Old passions that spring to life, then fizzle

Catherine Corsini's latest film fails to live up to the standard she set for herself with `The New Eve'


Fri, Dec 27, 2002 - Page 20

Replay (La Repetition) contains all the elements one would expect of a typical French movie: well-acted drama with beautiful, intelligent and artsy protagonists. The film's pacing is excellent, always maintaining an intensity of passion, love and hate, jealousy and rivalry. And actresses Emmanuelle Beart (A Heart in Winter, Mission Impossible, 8 Femmes) and Pascale Bussieres (When Night Is Falling) are perfect for their respective roles, Nathalie and Louise. Their two performances really make the movie, which suffers from a weak plot, less-than-stellar cinematography, and a lack of imagination.

As the story goes, Louise and Nathalie used to be good friends who grew up together.
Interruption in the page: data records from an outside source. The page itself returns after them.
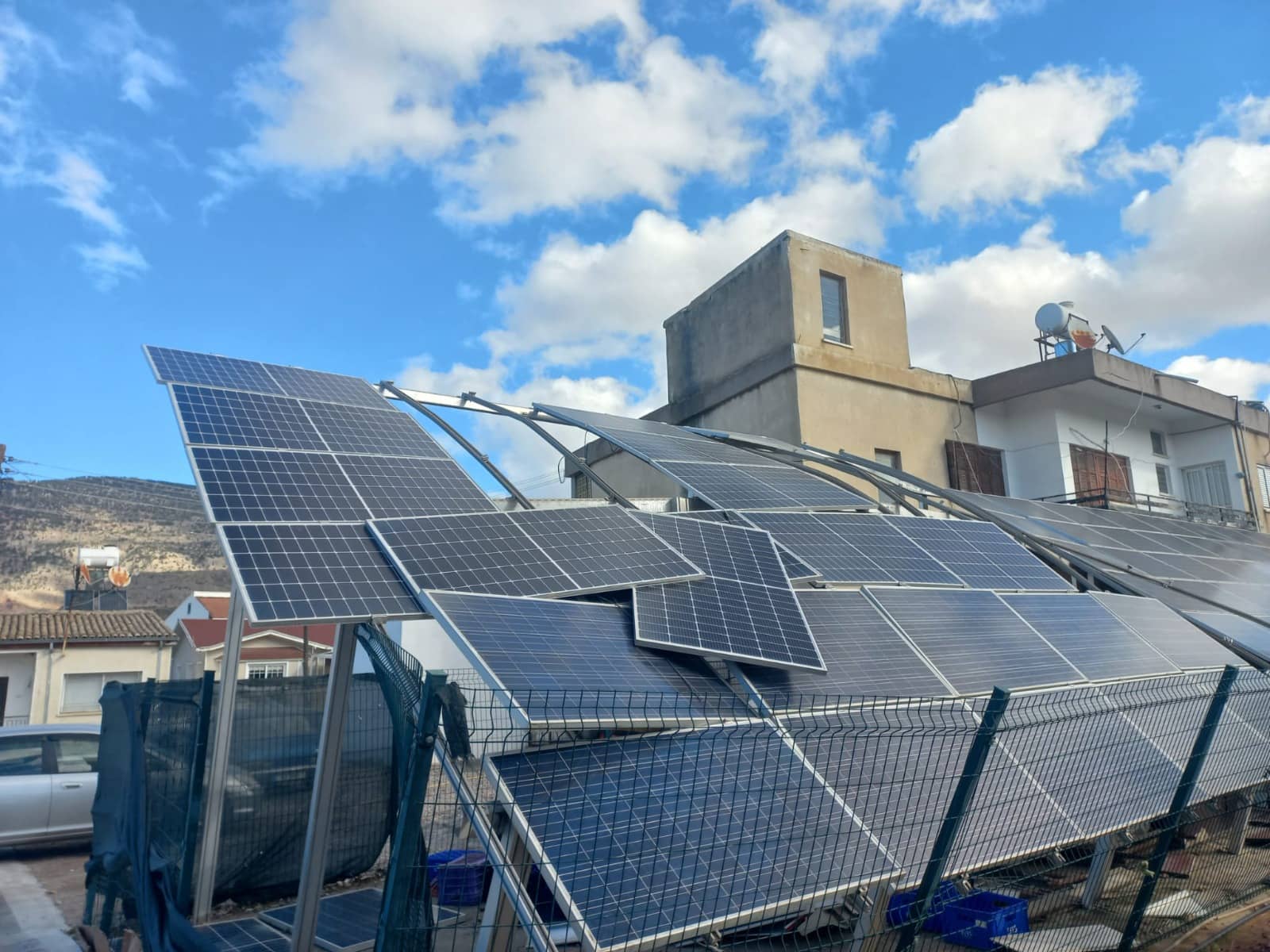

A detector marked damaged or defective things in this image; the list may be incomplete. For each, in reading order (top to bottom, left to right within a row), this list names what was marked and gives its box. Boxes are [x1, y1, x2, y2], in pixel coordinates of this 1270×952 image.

broken solar panel [217, 523, 416, 627]
broken solar panel [371, 508, 706, 597]
broken solar panel [426, 593, 741, 726]
broken solar panel [632, 515, 822, 670]
broken solar panel [741, 589, 949, 711]
broken solar panel [741, 510, 955, 586]
broken solar panel [864, 589, 1082, 695]
broken solar panel [995, 593, 1173, 680]
broken solar panel [1097, 597, 1245, 670]
broken solar panel [485, 720, 894, 952]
Now in their thirties, they meet up again after having not seen each other for 10 years. Both had dreamed of becoming an actress one day, but only Nathalie has fulfilled that dream. Louise has become a prosthodontist instead. The two meet by accident while visiting Copenhagen and decide to go sightseeing together, at which point the movie gives viewers a peek at the two women's shared past as they travel together.
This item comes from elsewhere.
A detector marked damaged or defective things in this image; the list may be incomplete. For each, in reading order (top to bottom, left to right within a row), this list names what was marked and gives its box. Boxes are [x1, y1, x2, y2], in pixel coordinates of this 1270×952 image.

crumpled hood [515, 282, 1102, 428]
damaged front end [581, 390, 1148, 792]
Because she is infatuated with her beautiful, artistic friend and everything that she stands for, Louise tries to make herself indispensable to Nathalie. After helping Nathalie land the lead role in a prestigious stage production, Louise then begins to live at her friend's home, attend her rehearsals and live vicariously through her.

"I wanted a relationship in which love and frustration are implicitly blended like two sides of a coin. This can seem terrifying. The unease is necessarily there all the time. I wanted two beautiful actresses to lend greater ambiguity to the situations," director Catherine Corsini said while explaining the movie in an interview.

In fact, the film is the world of the two women, the love story and psycho drama between them. There is no murder and no killings in that love-hate relationship between two women who grew up together. But there is no lack of madness, a different kind of madness though, which is not acted in extreme behavior but eerie enough to make your skin crawl.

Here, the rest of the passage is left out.